Из многочисленных персонажей Алексея Н. Толстого едва ли не ближе всех автору и выражает его собственную натуру Даша Булавина-Телегина в романах трилогии «Хождение по мукам». Её способность перехода, который точнее даже назвать перелётом, из одного гнезда в другое, лёгкость обновления собственной «среды обитания», включая близких людей, несомненно запечатлели для нас аналогичные способности автора. Её похождения в стане анархистов, заговорщиков-монархистов, затем белых, затем коммунистов вполне естественны для самого Алексея Николаевича, а одна сцена так и вовсе напомнила его успехи на ниве материального стяжания.

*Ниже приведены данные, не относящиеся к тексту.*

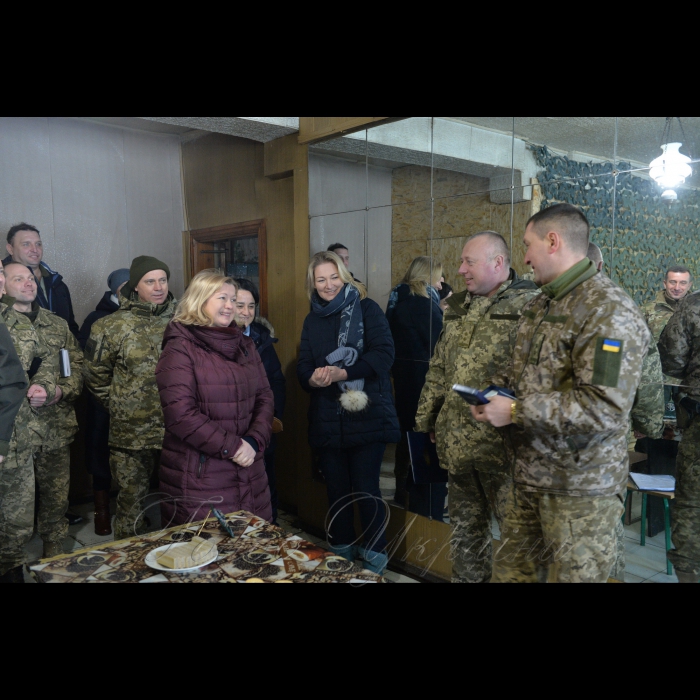 12 лютого 2018 поїздка в зону АТО разом з першим заступником Голови ВРУ Іриною Геращенко, заступником Голови Комітету ВРУ з питань євроінтеграції Марією Іоновою, заступником Міністра закордонних справ України Оленою Зеркаль, заступником керівника Головного департаменту зовнішньої політики та євроінтеграції АПУ Мариною Михайленко та Надзвичайним і Повноважним Послом Іспанії в Україні Сільвією Кортес Мартін. З командуванням 10 бригади.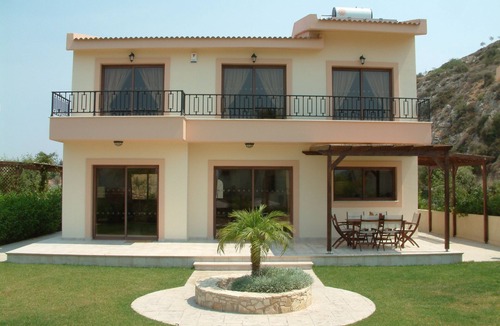 Pissouri Villa | Luxurious private holiday villa in the heart of Pissouri Bay.2 min walk to beach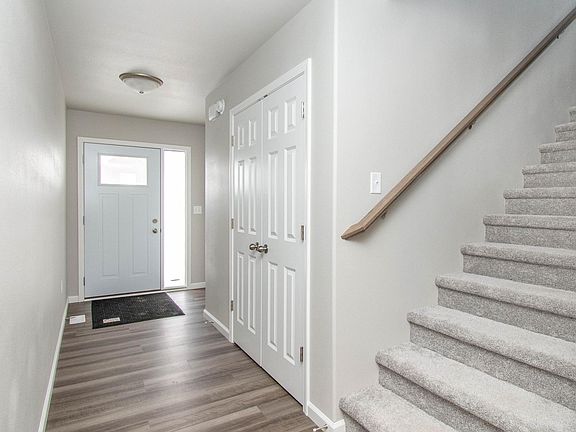 5th image of 6826 Thomas St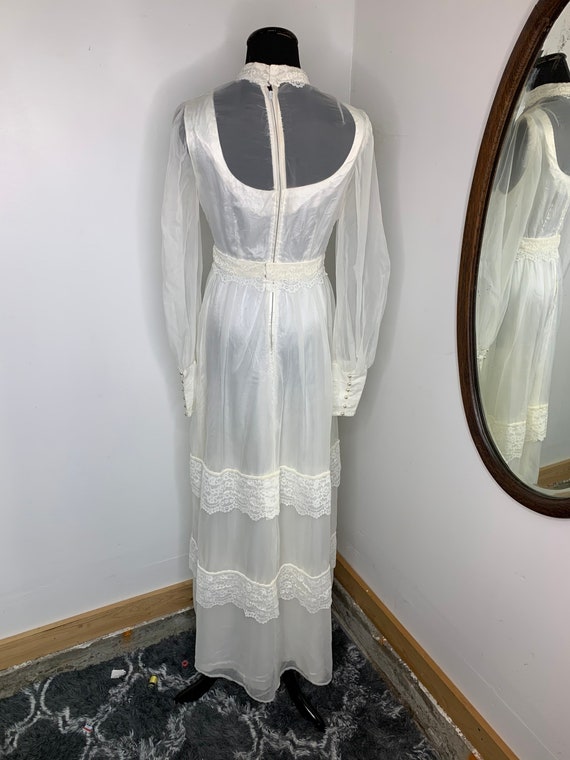 1970s Handmade Wedding Dress - image 6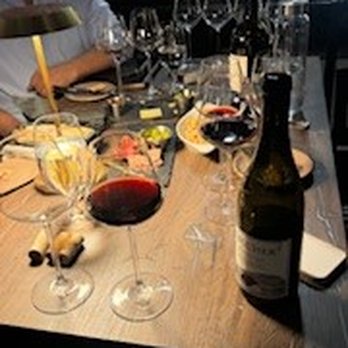 Kindred Spirits - Wine Bars Near Me - Valencia, California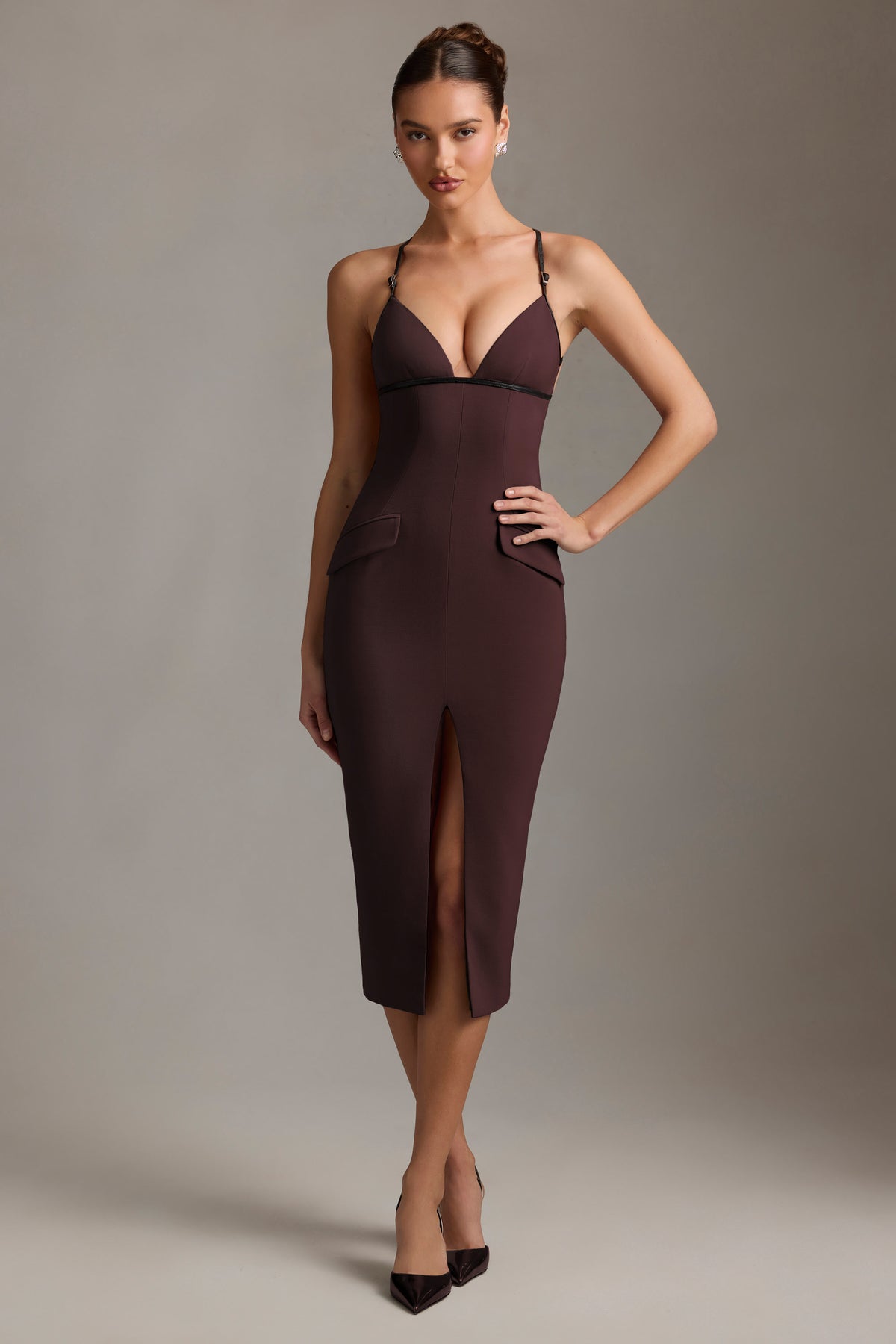 ⁣⁢Rückenfreies Midaxikleid mit tiefem Ausschnitt in Schokoladenbraun⁤⁣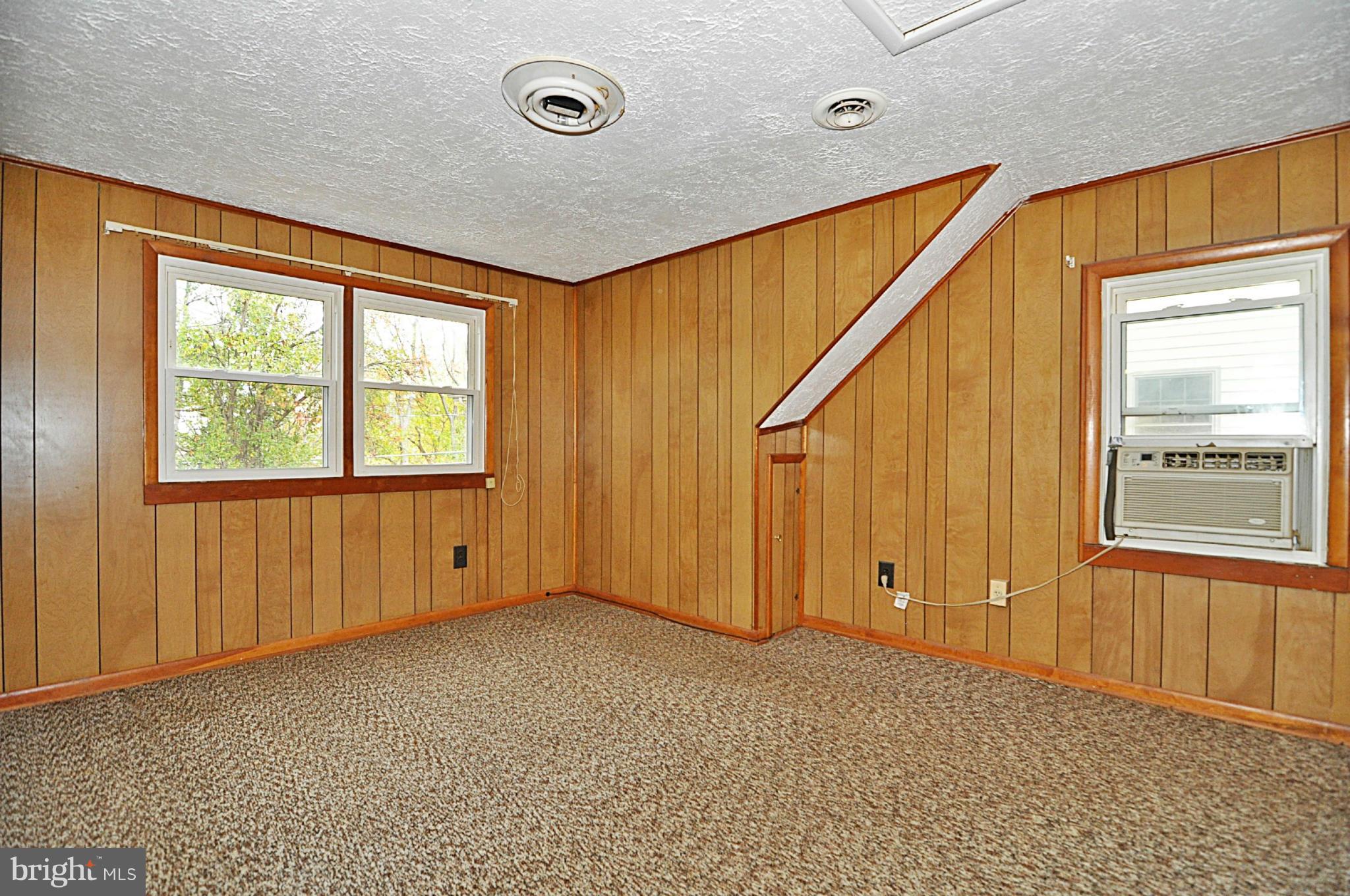 AURORA HILLS - Residential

Анархист Жиров приводит Дашу в занятый анархистами Московский клуб с ордером на одежду.
«— Дарья Дмитриевна, выбирайте, не стесняйтесь, это всё принадлежит народу…
Жиров широким размахом указал на вешалки, где рядами висели собольи, горностаевые, чёрно-бурые палантины, шиншилловые, обезьяньи, котиковые шубки. Они лежали на столах и просто кучками на полу. В раскрытых чемоданах навалено платье, бельё, коробки с обувью. Казалось, сюда были вывезены целые склады роскоши. <… >
— Дарья Дмитриевна, берите всё, что понравится, я захвачу…
Что ни говорите о Дашиных сложных переживаниях (смерть ребёнка и разрыв с мужем. — С. Б.), — прежде всего она была женщиной. У неё порозовели щёки. <… > Она протянула руку к седому собольему палантину:
— Пожалуйста, вот этот.
Даша наклонилась над раскрытым кофром, — на секунду стало противно это чужое, — запустила по локоть руку под стопочку белья. <… > Вот она опустила на себя тончайшую рубашку, надела бельё в кружевах. <… > Так значит, — всё впереди? Ну что ж, — потом как-нибудь разберёмся…»
Лишь секундное замешательство перед чужим у неё, принадлежащей тому самому кругу, где отняли или, убив, сняли эти палантины и бельё! Замечательно естественно выходило всё это в жизни у самого Алексея Николаевича. Рассказывали, что когда он, подобно многим коллегам, отправился в «освобождённую» Западную Украину за «впечатлениями», и их оказалось так много, что пришлось просить вагон, великий вождь заметил: «И этот оказался барахольщиком!».
Многописание сделалось грехом в литературной среде. Многопишущего и печатающегося презирают. А вот публикации Чехова: за 1883 год, январь — 15, февраль — 18, а всего за год — 102! Но и то сказать, пустяков немало. Но вот другой год, 1886-й — 111 публикаций! А среди них «Детвора», «Тоска», «Анюта», «Глупый француз», «Ведьма», «Хористка», «Месть», «Тина», «Беда», «Произведение искусства», «Юбилей», «Ванька».
Есть многописание и многописание. Если Некрасов писал для денег какие-нибудь жуткие «Три страны света» с Панаевой или рецензии на что угодно, дописывался до того, что немели руки и болело сердце, то знал, что пишет халтуру, и тогда же писал «Еду ли ночью по улице тёмной…», то Чехов различия не делал и воистину победы от поражения не желал отличать. Такое писательство нынче редкость, а в чеховские и последующие времена оно было нормой. Так писали Горький, Сологуб, А. Толстой.
1993
В РУССКОМ ЖАНРЕ — 3
На набережной у причальной стенки очередное баянно-хоровое отправление туристского судна, и сколько же сразу всего пролетает мгновенно: и жалость к этим старательно орущим бабам, и родственность, и зло на их уверенность в праве орать, и воспоминания обо всём этом много раз виденном, о том, что баянист кого-то напоминает, а девочка на третьей палубе до слёз стыдится матери, поющей палубой ниже, и потому убежала наверх.
Фоном служат враз лёгшее на крыши судов мягкое дождливое небо, продуктовый фургон, из открытой двери которого торчат пурпурные коровьи полутуши, и всё-всё тонет, затягивается жемчужной пылью того мелкого дождя, который исподволь прибирает всё к рукам, чтобы без молоньи и грома завесить окрестность своей нежной тканью.
В сумерках подвалил крутой берег Вольска, в котором пока ещё ничто не могло изменить уездного облика, и, словно в пущую ему дополнительность, покатили десятки телег, загрохотали вниз к пристани, устанавливаясь от первой, упёршейся в пристань, друг за другом в ряд. И сразу к ним побежали с накидками на головах пароходные матросы — разгружать камышинские арбузы.